Après les strates historiques et les paradis artificiels de l’Allemagne d’Hinterland (Fid 2009) et l’Afrique marquée par le regard de la colonisation de L’Hypothèse du Mokele-Mbembe (Fid 2011), Marie Voignier poursuit son exploration des imaginaires politiques et des utopies où mythes, récits et faits se croisent. Pour cet opus, ce sera la Corée du Nord. En ouverture, nous voici à Pyongyang, dans le bureau d’une institution officielle : un homme raccroche son téléphone – bruit du combiné téléphonique -, puis crépitement d’un flash alors qu’on le photographie. Il réagit, parle, mais de ses lèvres en mouvement, l’on n’entendra pas les mots, comme effacés. Tel est posé l’écart au travail entre ce qui se voit, se montre et peut se dire. Mais que dire et comment dire ce pays où tout est maîtrisé, contenu, et d’où rien ou presque ne filtre ? Se succèdent visites, ici un musée de peinture, là la maison natale du Président, inclinaisons respectueuses comprises. Un périple muet aux sons comme étouffés dans un pays où l’on apprend que le Président lui-même s’inquiète de chaque détail, où la peinture semble se substituer à la photographie, où tout le cinéma est doublé par crainte de débordements. Un voyage dans un pays en perpétuelle représentation où se confrontent deux logiques, celles du vouloir voir et du montrer : celle d’un pouvoir qui ne laisse rien au hasard, et celle du tourisme en recherche d’images.

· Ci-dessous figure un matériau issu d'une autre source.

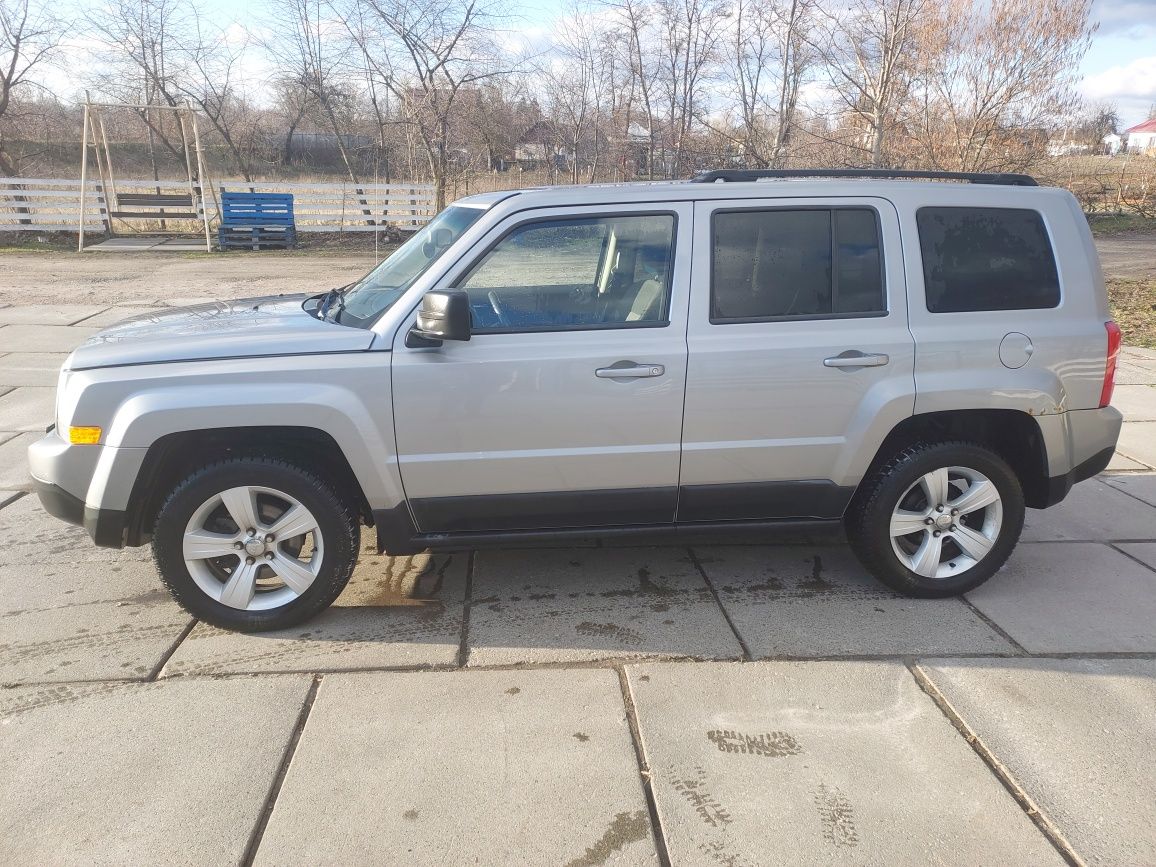 Jeep patriot 2.4 газ/бенз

Nicolas Feodoroff, FID Marseille 2014
Marie Voignier, cinéaste et vidéaste, ne rapporte pas de ses voyages des films de vacances banaux et dignes d’intérêt uniquement pour ses propres souvenirs. Bien au contraire. De son séjour en Corée du Nord, elle propose un documentaire militant et novateur, tant sur la forme que sur le fond. « Tourisme International » n’est pas un film de touriste mais un film sur le tourisme dans un pays en dictature. Le tourisme individuel en totale autonomie y étant interdit, les étrangers sont obligés de passer par une agence spécialisée pour organiser leur circuit et être accompagnés par un guide de l’État tout au long de leur voyage. Par l’intermédiaire de ce guide, le gouvernement peut alors transmettre l’image qu’il le souhaite de son pays. Marie Voignier a visité la Corée du Nord parmi l’un de ces groupes et livre un témoignage poignant, évidemment contraire à la majestueuse image du pays que les guides ont essayé de décrire.

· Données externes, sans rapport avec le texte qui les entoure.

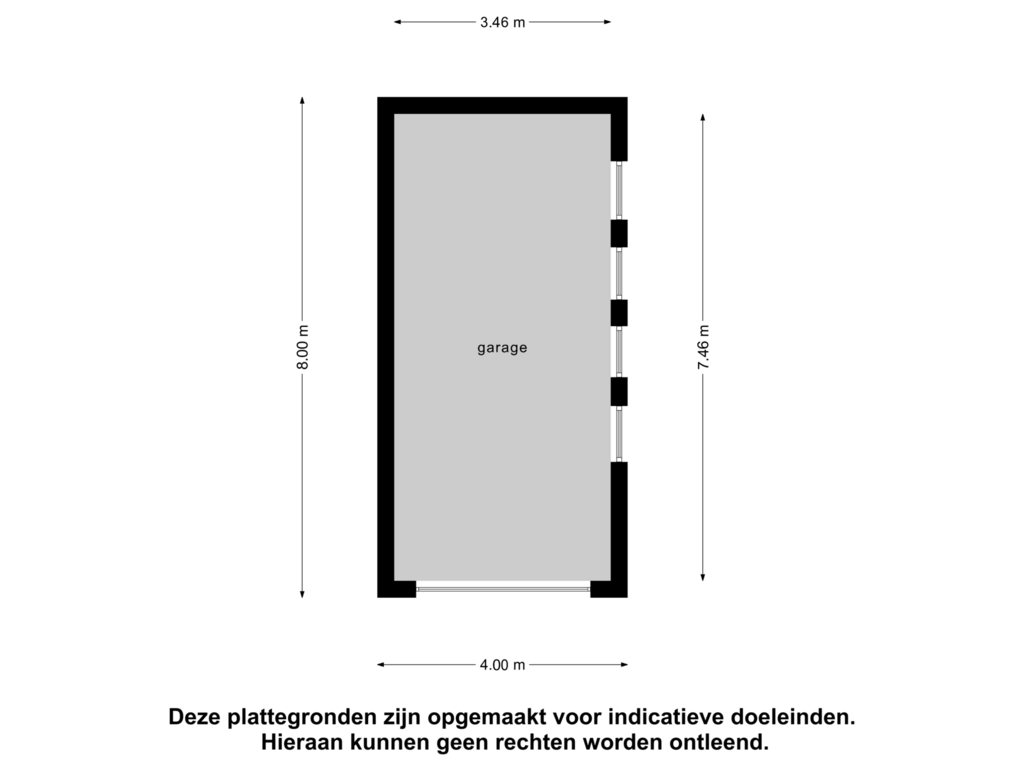 Bekijk plattegrond van Garage van Leuvenstraat 5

Par un choix de montage, pas des plus simples mais des plus percutants, la réalisatrice critique les faits du gouvernement avec une justesse implacable. En effet, elle a décidé de couper le son et de ne postsynchroniser que les sons d’ambiance, oubliant ainsi volontairement les voix des guides. Ce procédé dérangeant souligne l’absence de sens réel de leurs propos et permet au spectateur de se concentrer uniquement sur l’arrière-plan. Seulement, quelques cartons le guident pour expliquer le contexte de la visite, mais la neutralité des cadrages et l’absence de commentaires de la part de la réalisatrice le laissent libre d’analyser lui-même les images et de tirer ses propres conclusions sur les conditions de voyage en Corée du Nord. Le film n’est probablement pas tourné intégralement en caméra cachée mais certaines images, régulièrement filmées à la taille, le sont certainement. Ces plans témoignent de la détermination de Marie Voignier à filmer, même lorsqu’elle ne devait pas en avoir la permission.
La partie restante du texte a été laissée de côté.